Leader of the Creative Korea Party
- In office October 14, 2007 – November 4, 2009

Member of the National Assembly
- In office May 30, 2008 – October 22, 2009
- Preceded by: Lee Jae-oh (GNP)
- Succeeded by: Lee Jae-oh
- Constituency: Eunpyeong-eul, Seoul

Personal details
- Born: January 12, 1949 (age 77) Seoul, South Korea
- Party: Independent
- Other political affiliations: Creative Korea Party (2007–2012)
- Spouse: Park Su-ae
- Children: 2 daughters

Korean name
- Hangul: 문국현
- Hanja: 文國現
- RR: Mun Gukhyeon
- MR: Mun Kukhyŏn

= Moon Kook-hyun =

South Korean politician (born 1949)

Moon Kook-hyun (born 12 January 1949) is a South Korean politician who served as the leader of the Creative Korea Party. Before entering politics, he was a well-known business manager and civil environmental campaigner in South Korea.

Born in Seoul, Moon studied English language at the Hankuk University of Foreign Studies, graduating with a BA in 1972, then took a postgraduate course in Business Administration at the Seoul National University.

== Business career ==
Moon began his career at Yuhan-Kimberly, a company manufacturing paper and woven fibre products. In 1983, he spent a year in the United States, taking some new management concepts. On his return, he developed the concept of "environmental management", focusing on digital printing technologies and the use of recycled paper.

In 1995, Moon became chief executive officer of Yuhan-Kimberly. In 1996, Moon was appointed committee director of the U.N. Environment (UNEP) Korea Development Organization. Faced with a financial crisis in 1997, he developed a new shift system where workers worked twelve-hours shifts for four days running, then took four days off.

==2007 presidential election==
In August 2007, Moon resigned from Yuhan-Kimberly to run in the 2007 South Korean presidential election. In October, he formed the Creative Korea Party, with an anti-corruption, pro-environmentalist program, gaining a bit of support from liberal voters who supported the Participatory Government, conservative voters who wanted to change the government and liked a similar 'business leader' portfolio but disliked Lee Myung-bak, and from the labor movement.

In the election, Moon won 5.8% of the votes for fourth place. Moon is a Roman Catholic.

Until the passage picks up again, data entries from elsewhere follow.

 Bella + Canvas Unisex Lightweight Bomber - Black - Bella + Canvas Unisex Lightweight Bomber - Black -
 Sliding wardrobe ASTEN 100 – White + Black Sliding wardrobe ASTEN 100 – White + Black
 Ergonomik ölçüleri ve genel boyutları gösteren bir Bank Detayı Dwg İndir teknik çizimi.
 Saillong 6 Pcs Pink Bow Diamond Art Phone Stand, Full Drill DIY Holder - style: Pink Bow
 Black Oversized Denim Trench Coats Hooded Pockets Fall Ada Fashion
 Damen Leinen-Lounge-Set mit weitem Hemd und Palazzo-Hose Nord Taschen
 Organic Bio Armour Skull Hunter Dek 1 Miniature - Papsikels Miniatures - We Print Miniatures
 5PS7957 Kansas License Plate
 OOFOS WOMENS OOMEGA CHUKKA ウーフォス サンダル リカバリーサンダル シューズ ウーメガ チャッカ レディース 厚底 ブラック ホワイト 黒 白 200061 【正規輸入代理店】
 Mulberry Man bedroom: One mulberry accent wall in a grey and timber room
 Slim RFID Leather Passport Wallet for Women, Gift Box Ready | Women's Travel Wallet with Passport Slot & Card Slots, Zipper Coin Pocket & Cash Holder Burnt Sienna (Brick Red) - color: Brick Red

==2008 legislative election==
On April 9, 2008, Moon beat the close confidante of Lee Myung-bak (president) Lee Jae-oh (GNP, Incumbent), by more than 11%. Although the harsh loss of South Korean liberal candidates especially in Seoul at this 2008 election, his campaign against 'the Grand Korean Canal' project boosted his popularity in his electoral division and across the nation. However, he lost his seat after a year (2009.10.22) due to his party members gaining profit illegally by confidential information. The court sentenced him 8 months. In the 2010 re-election for his empty seat, Lee Jae-oh easily regained his seat by 58.33%.